Because the property of Ionoshere:

\[ \frac{f^2}{c}\Delta^{Iono} = \frac{1}{c} \frac{40.3}{\cos z'}TVEC \]

Which means:

\[ \frac{f_1^2}{c}\Delta_1^{Iono} = \frac{f_2^2}{c}\Delta_2^{Iono} = \frac{1}{c} \frac{40.3}{\cos z'}TVEC \]

Multify \(f_1\) and \(f_2\) for the two equations and substrct:

\[ \Phi_1f_1 - \Phi_2f_2 = (\frac{\rho}{c} + \Delta \delta)(f_1^2 - f_2^2) + N_1f_1 - N_2 f_2 \]

By this way the bias raised by ionoshpere are eliminated.

The observation equation is:

\[ \begin{aligned} (\Phi_1 - \frac{f_2}{f_1}\Phi_2) \frac{f_1^2}{f_1^2 - f_2^2} &= (\frac{\rho}{c} + \Delta \delta)f_1 + (N_1 - N_2 \frac{f_2}{f_1})\frac{f_1^2}{f_1^2 - f_2^2} \Longrightarrow\\ (\Phi_1 - k\Phi_2) \frac{1}{1 - k^2} &= (\frac{\rho}{c} + \Delta \delta)f_1 + (N_1 - kN_2)\frac{1}{1-k^2} \end{aligned} \]

or consider pseudoranges:

\[ \begin{cases} R_1 &= \rho + c \Delta \delta + \Delta^{Iono}_1 \\ R_2 &= \rho + c \Delta \delta + \Delta^{Iono}_2 \end{cases} \]

then multify \(\frac{f^2}{c}\):

\[ \begin{cases} R_1 \frac{f_1^2}{c} &= \rho \frac{f_1^2}{c} + c \Delta \delta \frac{f_1^2}{c} + \Delta^{Iono}_1 \frac{f_1^2}{c}\\ R_2 \frac{f_2^2}{c} &= \rho \frac{f_2^2}{c} + c \Delta \delta \frac{f_2^2}{c} + \Delta^{Iono}_2 \frac{f_2^2}{c} \end{cases} \]

\[ (R_1 - \frac{f_2^2}{f_1^2}R_2) \frac{f_1^2}{f_1^2 - f_2^2} = \rho + \Delta \delta \]

Troposheric refraction

Troposhere neutral atmoshpere (the noninized part)

extends from the earth's surface to about 50km height

a nondispersive medium with respect to radio waves up to frequencies of 15 GHz. (propagation is frequency independent, so an elimination of troposheric refraction by dual-frequency methods is impossible)

Troposphere delay

consists of a dry(90% delay, mainly a function of pressure) and wet(water vapor, high variability) component.

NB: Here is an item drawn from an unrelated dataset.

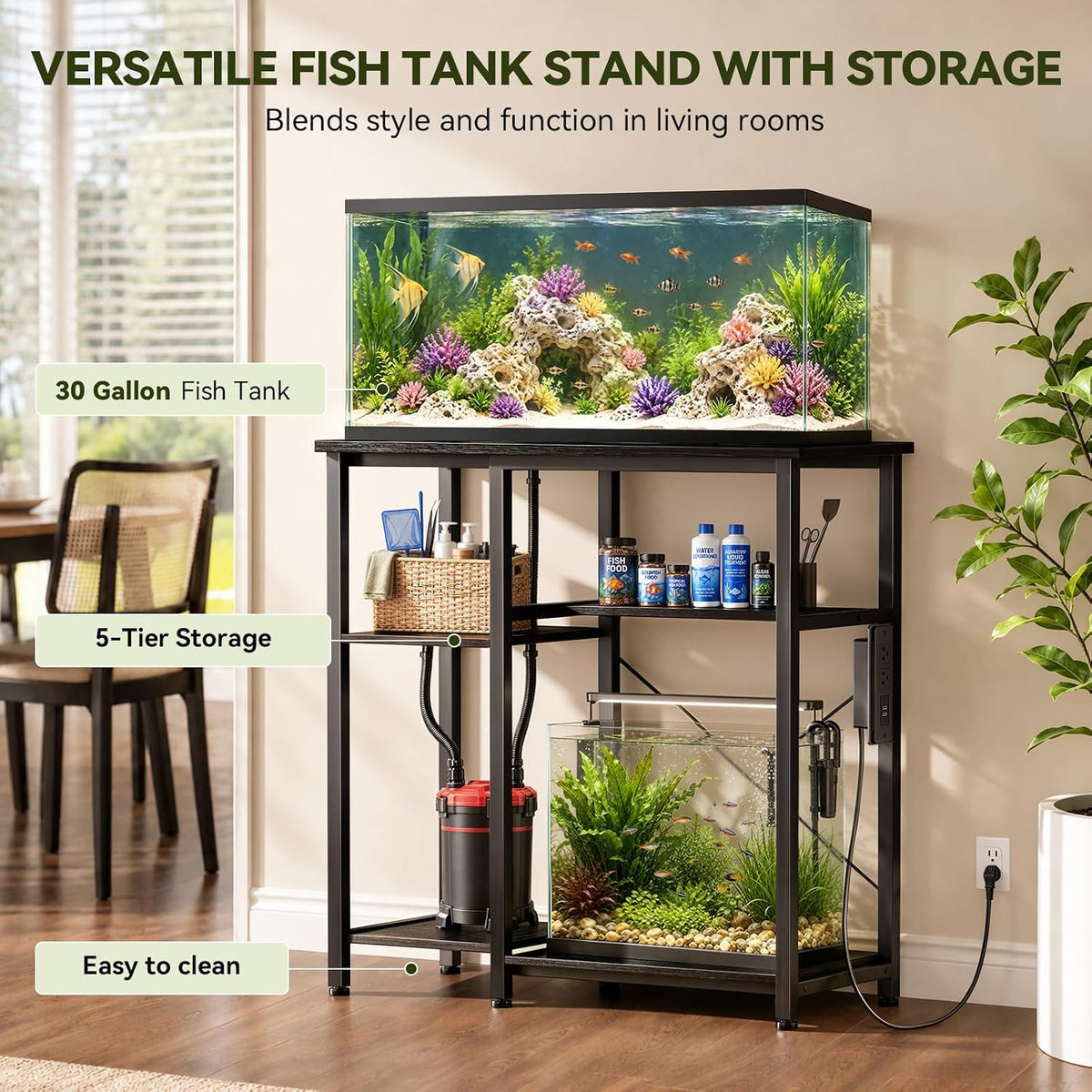 5-10 Gallon Fish Tank Stand with Storage Shelves - Black / 40 Gallon-3 Tier - image 3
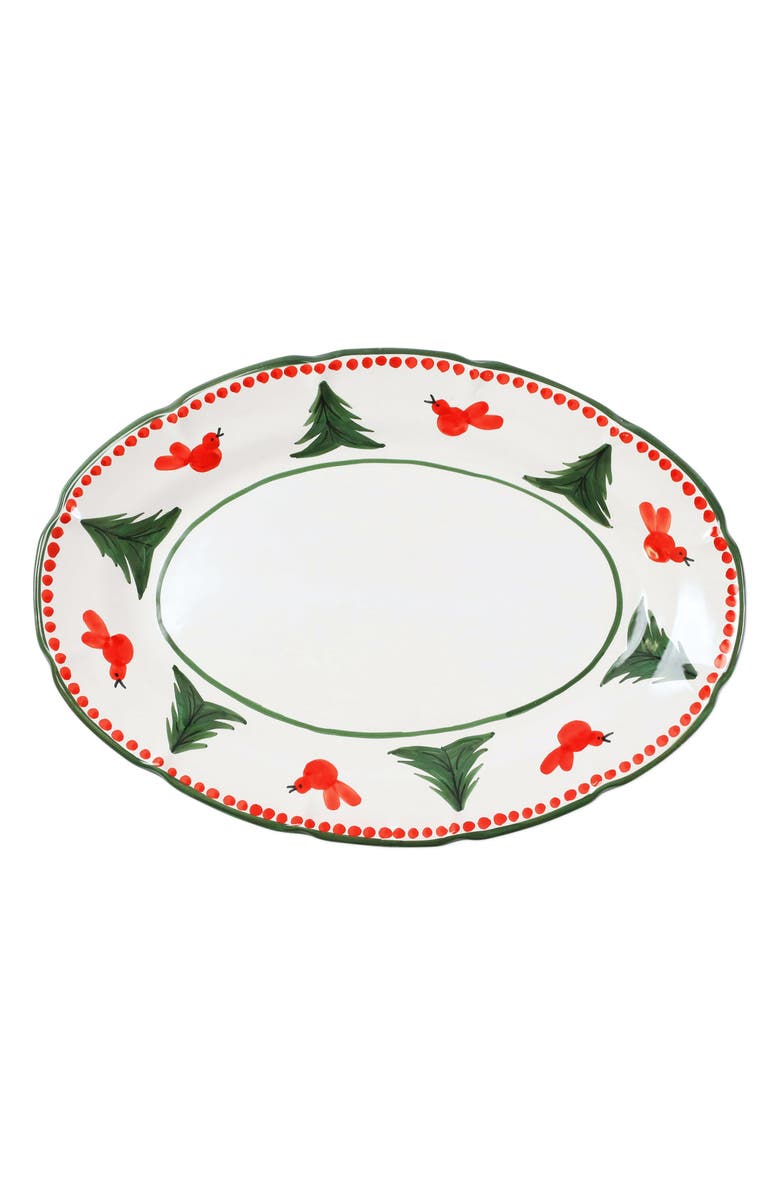 VIETRI Uccello Rosso Stoneware Platter, Main, color,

(many magic models to solve this)

Receiver

RINEX The Receiver Independent Exchange Format

cut-off angle only receive the satellites whose zenith angle is above cut-off angle.

Navigation

Point positioning

\(n_s\) denotes the number of satellites and \(n_t\) the number of epochs.

Static point positioning

the three coordinates of the observing site and the reciver clock bias for each observation epoch are unknown. This, the number of unkowns is \(3+n_t\)

\[ n_s n_t \geq 3 + n_t \]

so the minimum number of satellites to get a solution is \(n_s = 2\), leading to \(n_t \geq 3\) observation epochs.Which means for \(n_s = 4\), the solution \(n_t \geq 1\) is obtained.

kinematic point positioning

Due to the motion of the receiver, the number of the unkown station coordinates is \(3n_t\).Need to add the \(n_t\) unknown receiver clock biases.

\[ n_s n_t \geq 4n_t \]

Precise point positioning(PPP)

The main limiting factors with respect to the achievable accuracy are:

  1. the orbit errors
  2. the clock errors
  3. the atmosperic influences(ionospheric and tropospheric refraction)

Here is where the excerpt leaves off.